Crónica de Alexandre Honrado
À procura do nada
Sempre considerei ínsita na minha pessoa não só a ideia de liberdade como a satisfação da procura do vazio. A primeira será talvez a única jornada e, ao mesmo tempo, a via única, para o conhecimento. A segunda, a muito difícil geração da possibilidade do autoconhecimento: estádio de equilíbrio que só é possível quando não sabemos o que somos.
Nada, vazio e infinito sempre preocuparam o homem mais sensato.
Se pudéssemos sair deste pequeno e pouco interessante planeta, recuando quilómetros capazes de o reduzir ao ponto inútil que ocupa no imenso espaço, notaríamos que o tudo que antes julgávamos necessário e determinante não passa da desdenhosa mediocridade de uma poeira reduzida à sua mais ínfima partícula.

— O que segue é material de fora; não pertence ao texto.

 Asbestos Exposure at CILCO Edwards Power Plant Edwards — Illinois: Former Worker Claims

João Escoto Erígena, filósofo medieval irlandês, dizia coisas quase como estas, só que dotado de uma profundidade que nunca alcançarei. Quando teve a coragem de afirmar que Deus é puro vazio, Erígena acabou condenado por heresia, não tanto por reclamar esta interpretação de Deus, mas sobretudo por proclamar a liberdade infinita do indivíduo, que, aliás, por ser feito à imagem e semelhança Dele (um erro irresolúvel, e segundo Erígena explicativo da realidade: Se Deus é ilimitado, também nós o somos) fica sujeito ao paradoxo de procurar a liberdade e a autonomia, querendo ser uma lei em si mesmos, a sua própria base, causa fim e origem.
(Alguém me chama a atenção, para palavras de Tomás de Aquino: “quando as pessoas falam de Deus, não fazem ideia do que estão a falar”.)

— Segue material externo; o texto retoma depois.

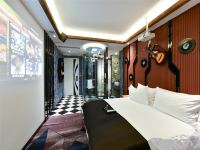 台州爱维莱主题酒店 - 普通一室大床房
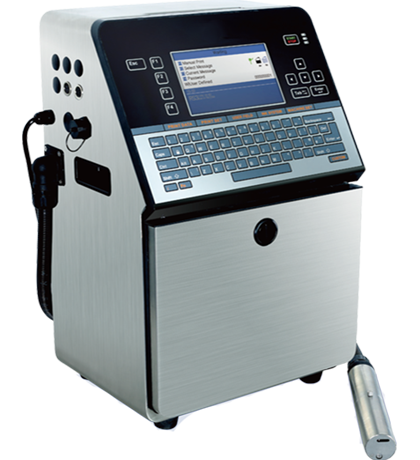 油墨噴碼機(jī)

É claro que tudo isto implica um estado de meditação muito profundo, que conduza o pensamento ao vazio, à inutilidade, ao desprendimento das estranhas materialidades que o prendem. Digamos que nisso sou pouco mais do que um iniciado.
Precisamos de uma anarquia espiritual para chegar a esse conforto. De um lado, pois, a liberdade infinita que vai do Criador ao criar e ao não acreditar. De outro, o despojamento. A imensa pequena partícula do nada que afinal todos somos.
É assim que procuro ser feliz, o que é que mais querem?